Comment 10 Ales Musil 2022-10-21 05:54:53 UTC
Does this still happen when you have enabled "ovn-monitor-all" again?
If not we might have a potential fix. Still the fix is a bif of a guess as this seem to be almost impossible to reproduce.

Comment 11 Jeremy 2022-10-24 14:38:31 UTC
Yes, the high load of ovndb-server is gone since ovn-monitor-all was set to true. RHOS is now much more responsive.

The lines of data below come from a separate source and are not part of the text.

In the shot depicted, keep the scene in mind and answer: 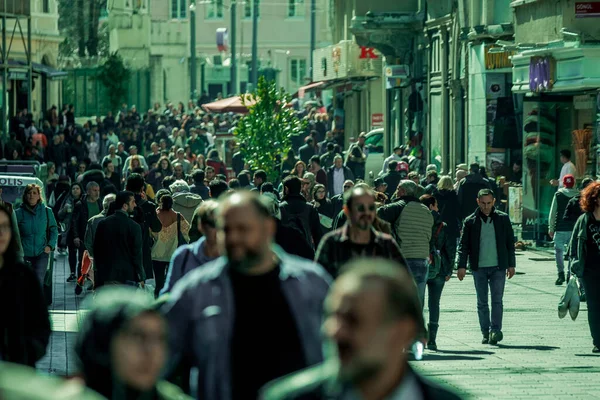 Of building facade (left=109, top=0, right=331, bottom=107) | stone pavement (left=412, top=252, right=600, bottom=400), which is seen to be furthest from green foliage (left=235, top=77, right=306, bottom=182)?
building facade (left=109, top=0, right=331, bottom=107)

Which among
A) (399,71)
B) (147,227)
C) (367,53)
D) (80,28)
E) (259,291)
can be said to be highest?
(80,28)

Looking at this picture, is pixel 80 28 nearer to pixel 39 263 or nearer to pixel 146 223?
pixel 146 223

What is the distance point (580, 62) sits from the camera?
26344mm

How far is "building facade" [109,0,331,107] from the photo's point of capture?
97062 millimetres

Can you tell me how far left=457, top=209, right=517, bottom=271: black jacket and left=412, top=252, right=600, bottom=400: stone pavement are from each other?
29.1 inches

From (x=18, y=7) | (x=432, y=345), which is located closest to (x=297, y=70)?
(x=18, y=7)

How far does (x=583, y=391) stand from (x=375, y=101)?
45.3 meters

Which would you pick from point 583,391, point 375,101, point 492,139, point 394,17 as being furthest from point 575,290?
point 375,101

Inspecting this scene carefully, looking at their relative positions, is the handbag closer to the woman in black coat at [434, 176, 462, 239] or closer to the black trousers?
the black trousers

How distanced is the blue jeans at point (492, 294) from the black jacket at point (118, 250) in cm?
313

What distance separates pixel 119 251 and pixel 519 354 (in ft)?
11.6

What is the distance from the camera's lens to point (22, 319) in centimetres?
746

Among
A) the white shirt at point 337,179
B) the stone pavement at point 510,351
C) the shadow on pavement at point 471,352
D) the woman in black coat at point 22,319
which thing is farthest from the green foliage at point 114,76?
the woman in black coat at point 22,319

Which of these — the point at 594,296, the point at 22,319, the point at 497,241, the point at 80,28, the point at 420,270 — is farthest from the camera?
the point at 80,28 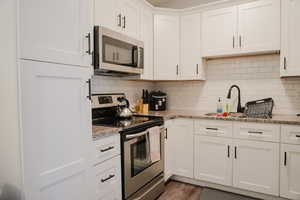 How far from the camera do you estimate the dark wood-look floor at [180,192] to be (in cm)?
227

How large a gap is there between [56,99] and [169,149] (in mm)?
1694

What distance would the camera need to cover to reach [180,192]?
94.0 inches

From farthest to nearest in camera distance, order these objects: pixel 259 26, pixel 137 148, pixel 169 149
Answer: pixel 169 149 < pixel 259 26 < pixel 137 148

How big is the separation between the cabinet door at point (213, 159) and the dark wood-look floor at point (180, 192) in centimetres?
17

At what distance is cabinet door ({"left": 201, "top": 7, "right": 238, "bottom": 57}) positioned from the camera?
251 cm

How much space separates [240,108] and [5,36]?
266 cm

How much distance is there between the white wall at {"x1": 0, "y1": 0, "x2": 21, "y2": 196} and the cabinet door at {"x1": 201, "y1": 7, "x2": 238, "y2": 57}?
2.28 meters

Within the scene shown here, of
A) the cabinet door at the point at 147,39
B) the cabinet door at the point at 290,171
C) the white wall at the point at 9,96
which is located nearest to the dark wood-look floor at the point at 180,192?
the cabinet door at the point at 290,171

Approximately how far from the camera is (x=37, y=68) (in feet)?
3.46

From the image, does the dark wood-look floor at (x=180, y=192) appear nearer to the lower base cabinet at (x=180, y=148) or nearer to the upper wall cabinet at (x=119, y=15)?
the lower base cabinet at (x=180, y=148)

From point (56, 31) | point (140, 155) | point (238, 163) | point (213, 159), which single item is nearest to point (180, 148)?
point (213, 159)

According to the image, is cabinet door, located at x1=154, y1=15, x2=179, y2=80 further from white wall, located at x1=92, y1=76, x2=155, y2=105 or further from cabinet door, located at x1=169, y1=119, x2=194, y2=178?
cabinet door, located at x1=169, y1=119, x2=194, y2=178

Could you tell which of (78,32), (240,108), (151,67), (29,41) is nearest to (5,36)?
(29,41)

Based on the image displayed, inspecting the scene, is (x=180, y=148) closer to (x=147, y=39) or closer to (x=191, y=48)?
(x=191, y=48) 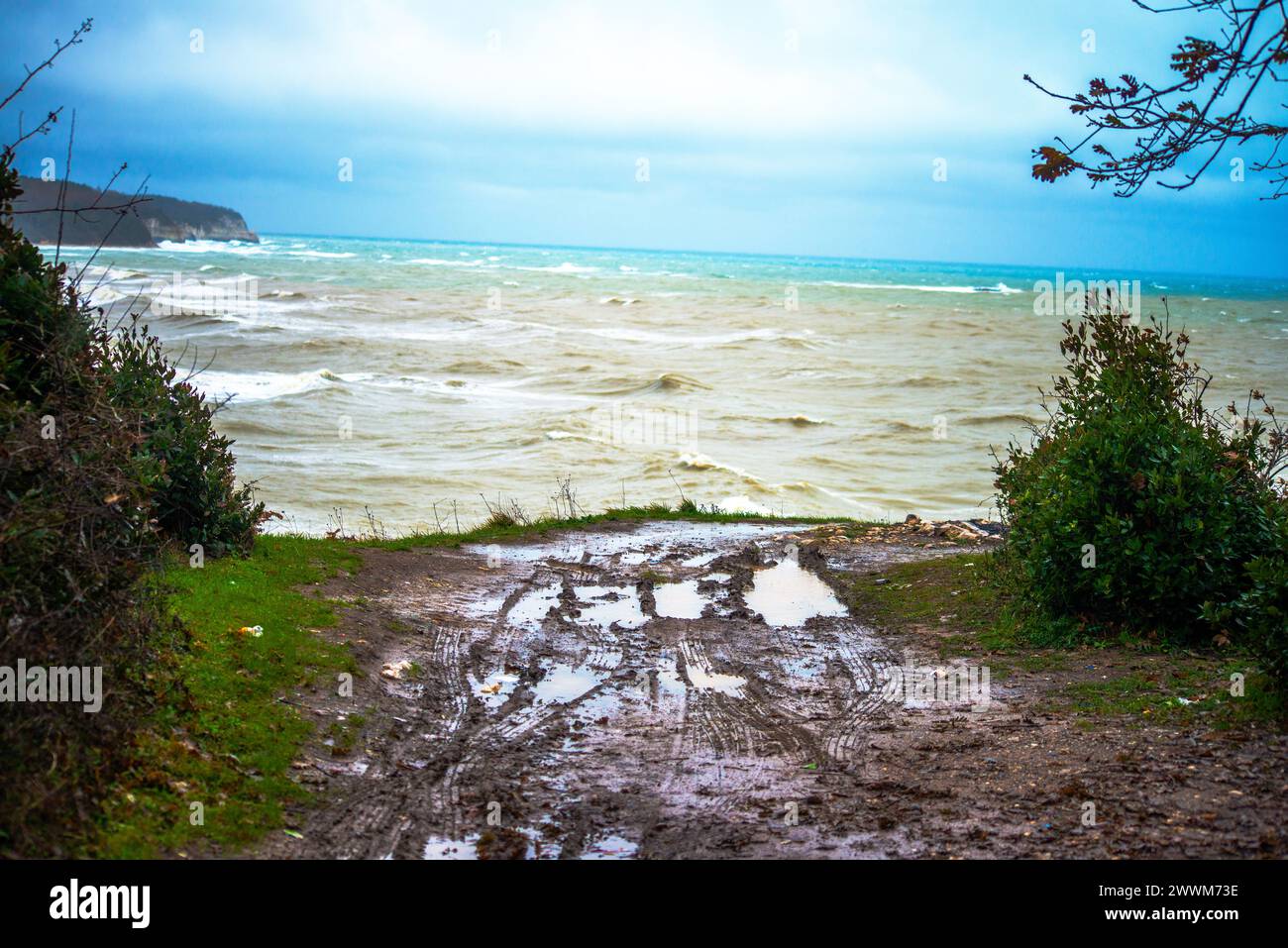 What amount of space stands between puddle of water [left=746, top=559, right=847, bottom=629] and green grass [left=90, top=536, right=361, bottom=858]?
4.51m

Comment 12 Jakub Libosvar 2022-10-24 15:58:43 UTC
(In reply to Ales Musil from comment #10)
> Does this still happen when you have enabled "ovn-monitor-all" again?
> If not we might have a potential fix. Still the fix is a bif of a guess as
> this seem to be almost impossible to reproduce.

Yes, it still happens. The crashes happen also on the nodes that used to have ovn-monitor-all=true set and there were 3 crashes just today:

15:57 $ ansible -f100 -b -m shell -a "zgrep EMER /var/log/containers/openvswitch/ovn-controller*" compute-d | grep "2022-10-24" -c
[WARNING]: Invalid characters were found in group names but not replaced, use -vvvv to see details
3

and about 66 crashes in the last 10 days.